There are a few essential ingredients to a great meal in my book: exceptional food with a nod to what is in season in Vermont and outstanding customer service. You can certainly have one without the other but when I experience the combination of fine dining and attentive, respectful and genuine service, the restaurant usually moves up my list of top favorites. The Wednesday following Valentine’s Day found me weaving my way up Route 15 from Essex to Jericho with the final destination of Caroline’s Fine Dining adjacent to the Village Cup. The building housing both the coffee shop and the restaurant dates back to 1835. The interior of Caroline’s exudes warmth and elegance with the windows and walls beautifully decorated. Paintings by Vermont artist Robert Aiken can be seen in each of the three seating areas.
Chef Joseph Ianelli and owner Stephen Burke (eldest son of Caroline Burke for whom the restaurant is named) aspire to create an eclectic selection of seasonal entrees from Roasted Baby Beet Salad ($9) to Fragrant Orange and Delicately Spiced Misty Knoll Chicken Ruby ($24). The Misty Knoll chicken is accompanied by fresh cranberries, herb mashed potatoes and roasted root vegetables. I was also pleasantly surprised to find an enticing selection of vegetarian fare on the menu. And I’m not talking about just tossing some tofu with some veggies but rather home-made seitan in a dish called Provencal Seitan Casserole ($22). I was also intrigued by the deliberate effort by Chef Ianelli to create hearty but healthy dishes that utilize whole wheat, wheat barley and even toasted squash seeds.
I choose to start my meal with the Maple Brulee Local “Fair Haven” Pork Belly ($11). The sizable portion of pork arrived atop of a black bean and Cabot cheddar polenta cake drizzled with a maple cream sauce. The pork which practically melted in my mouth was combined with an incredible sweetness of the maple cream and crunch of the polenta cake crust. It was so decadent that it could serve double duty as a dessert item. Pork belly for dessert? I imagine that might be a hard sell so it’s worth trying as a start the meal.

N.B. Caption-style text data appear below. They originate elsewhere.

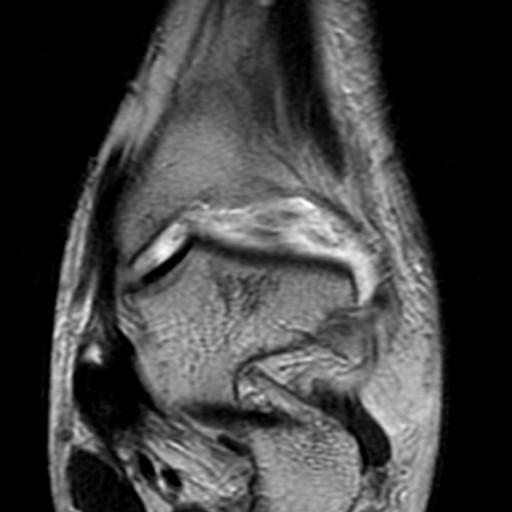 File:Anterior talofibular ligament rupture (Radiopaedia 15831-15484 Coronal T2 7).jpg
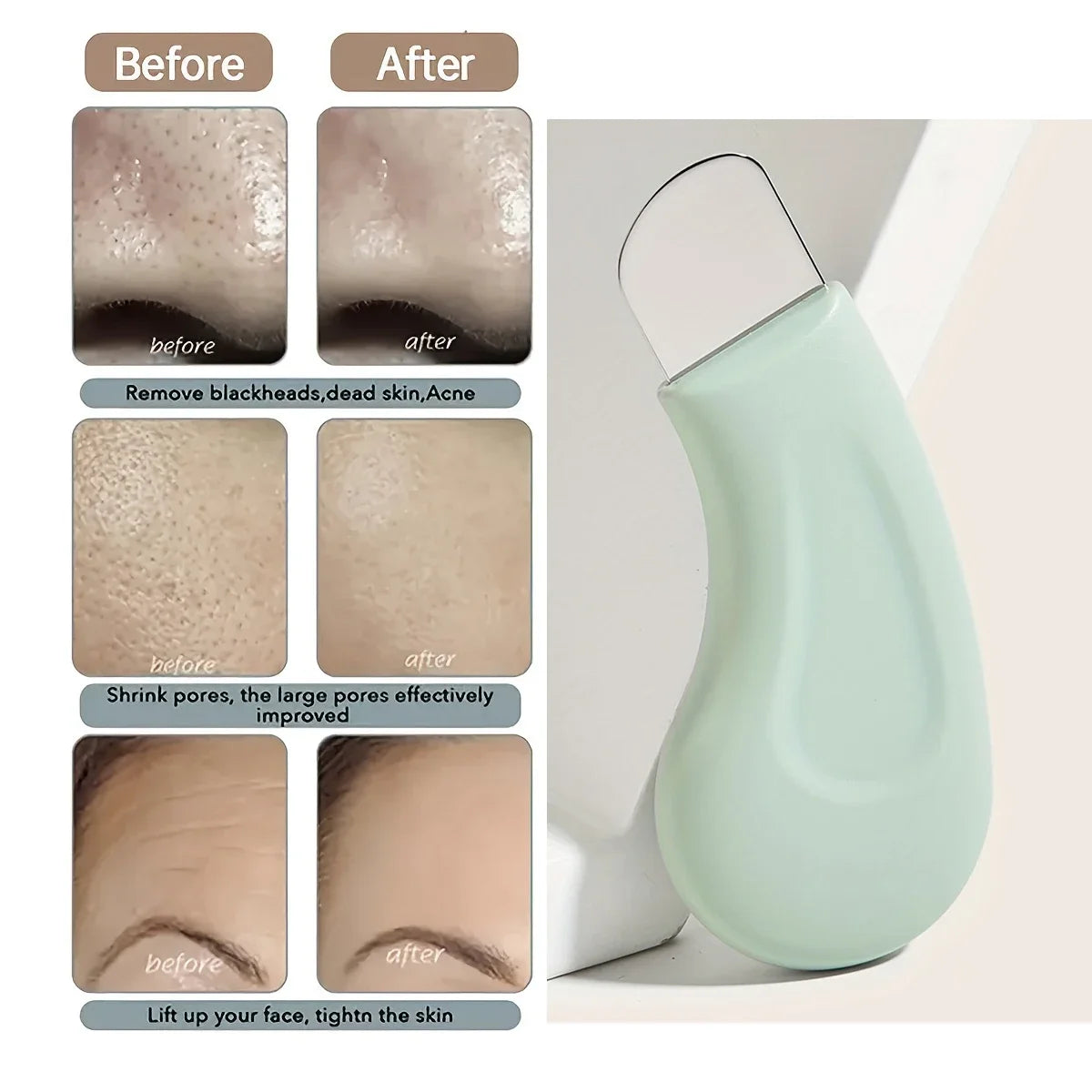 Blackhead & Whitehead Removal Tool for Nose & Face – Pore Cleaner Skin Care Tool for Women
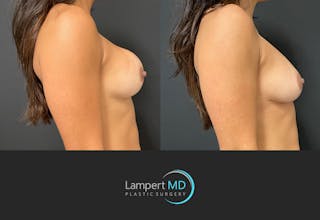 Breast Revision Before & After Gallery - Patient 144554870 - Image 3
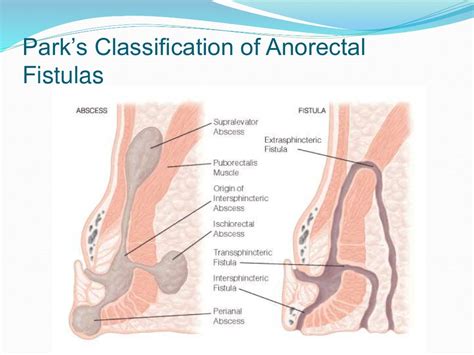 Anorectal Fistula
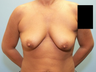 Breast Augmentation
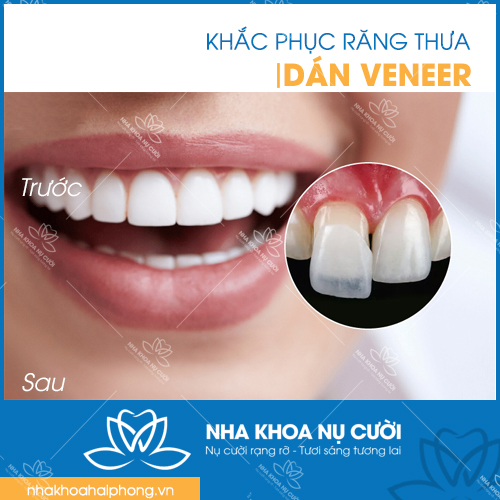 Dan-Veneer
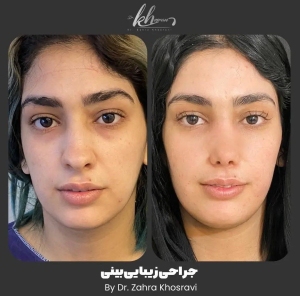 جراحی-بینی-36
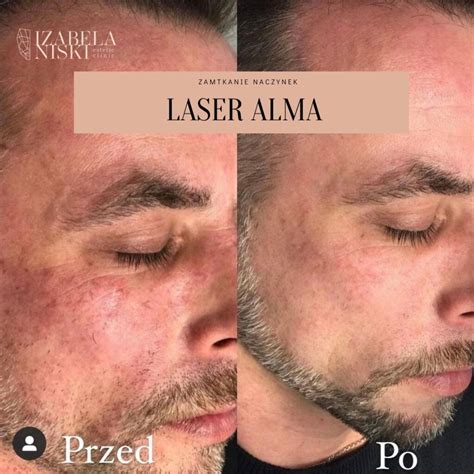 Izabela's Laser &Skin Clinic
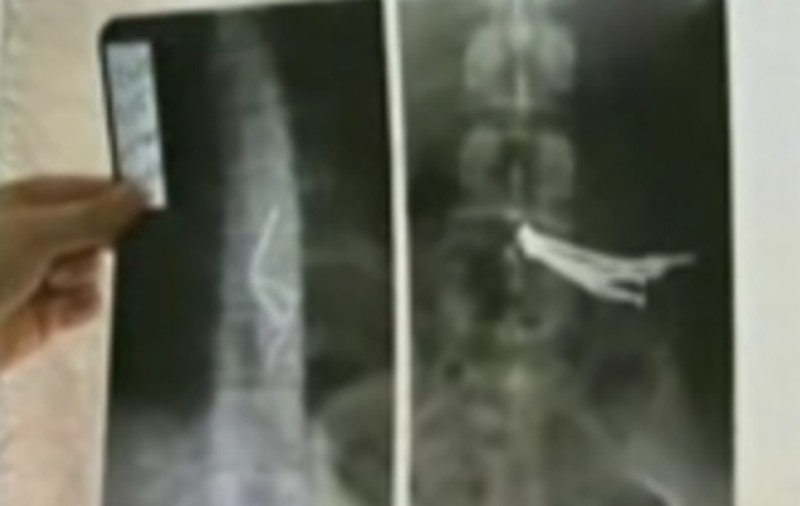 Supărat că a fost părăsit de iubită, a înghiţit un pumn de cuie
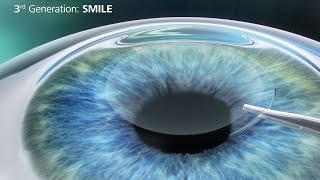 LASIK Commercial  TylockGeorge Eye Care  Greater Dallas TX [upl. by Arries]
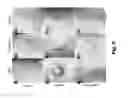 Fig. 07 - Three-Dimensional Tissue Matrix Scaffold System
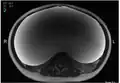 MRI giant serous cystadenoma ovary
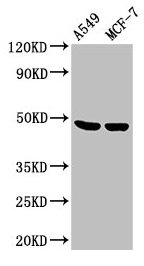 LOX / Lysyl Oxidase Antibody - Western Blot Positive WB detected in: A549 whole cell lysate, MCF-7 whole cell lysate All lanes: LOX antibody at 3.6µg/ml Secondary Goat polyclonal to rabbit IgG at 1/50000 dilution Predicted band size: 47 kDa Observed band size: 47 kDa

My server, Anna Jordan, did a wonderful job keeping tabs on me as well educating me about the nearly two dozen local vendors that supply much of the food on the menu. Many are names that most of us would recognize such as the Vermont Soy Company, Maple Leaf Farm, LaPlatte River Beef, Paul Mazza, Shadow Cross Farm, Cabot Creamery, and a variety of local wineries and breweries. For my main entrée I went for the Whole Wheat Basil Gnocchi and Fresh Maine Lobster ($26). I thought the entrée appeared a little pricey but by after seeing the generous portion of pasta, vegetables and an impressive display of meat from the lobster’s claw, the cost seemed justified. In addition to the gnocchi and lobster, fava beans, sun-dried tomatoes and porcini mushrooms were all tossed with a mushroom cream sauce and fried sage. It was the type of dish that you feel good about eating because you are combining high quality grains like whole wheat with a crustacean jammed packed with protein.

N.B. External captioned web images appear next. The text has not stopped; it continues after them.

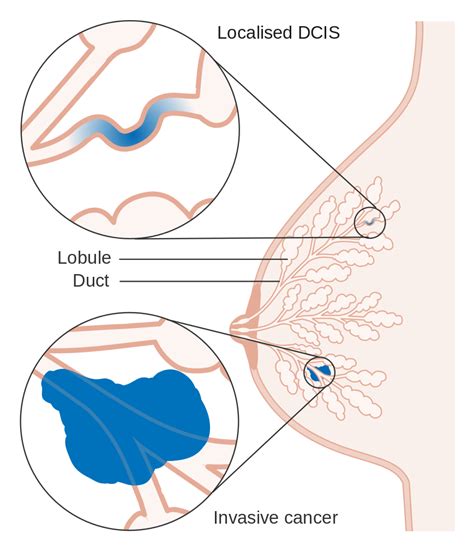 Breast Carcinoma In Situ Lobular Ductal Lcis Dcis Teachmesurgery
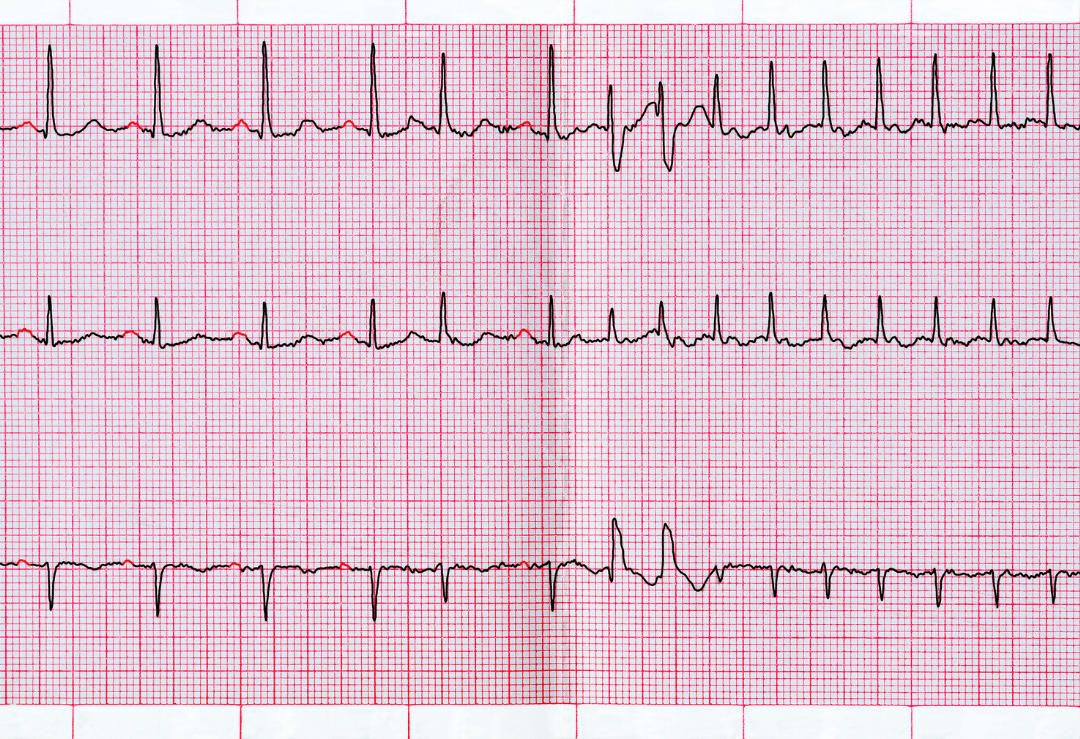 fibrila-o-atrial-no-atleta-clube-da-cardio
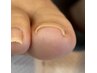 【爪のお悩みに】巻き爪1本+カウンセリング　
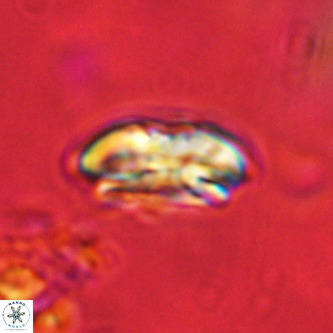 Palaeopontosphaera harrisonii VR 01144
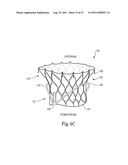 Mitral Prosthesis and Methods for Implantation diagram and image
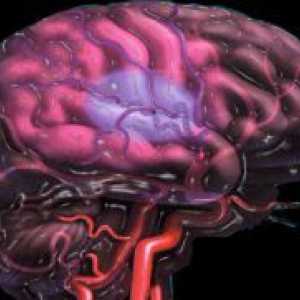 Ateroscleroza cerebral - Simptome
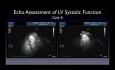 Une Approche Pratique de la Fraction d'Ejection Ventriculaire gauche (FEVG) en Echocardiographie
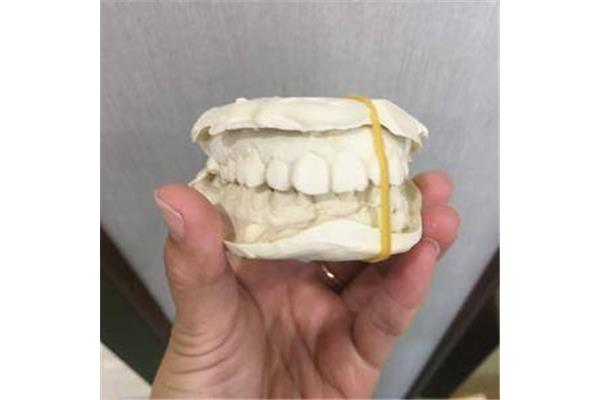 矯正牙齒要多久才可以取下托槽?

The dessert menu also features a seasonal spin with Pumpkin Cheesecake ($7) and a Citrus Tartlet ($7). Caroline’s also offers a small selection of Vermont ice wines and can put the barista in the Village Cup to work creating delicious and rich coffee drinks. The Chef even on the dessert menu provides choice to consumers that may have food allergies. They highlight several desserts that are gluten-free and offer a dairy free option that includes biscotti and a selection of sorbet.
Caroline’s Fining Dining is the perfect stop on the way home from a day skiing or snowshoeing at Smuggler’s Notch. It’s conveniently located and the staff will make you feel as though you have just pulled up a seat at Caroline’s table and joined the family.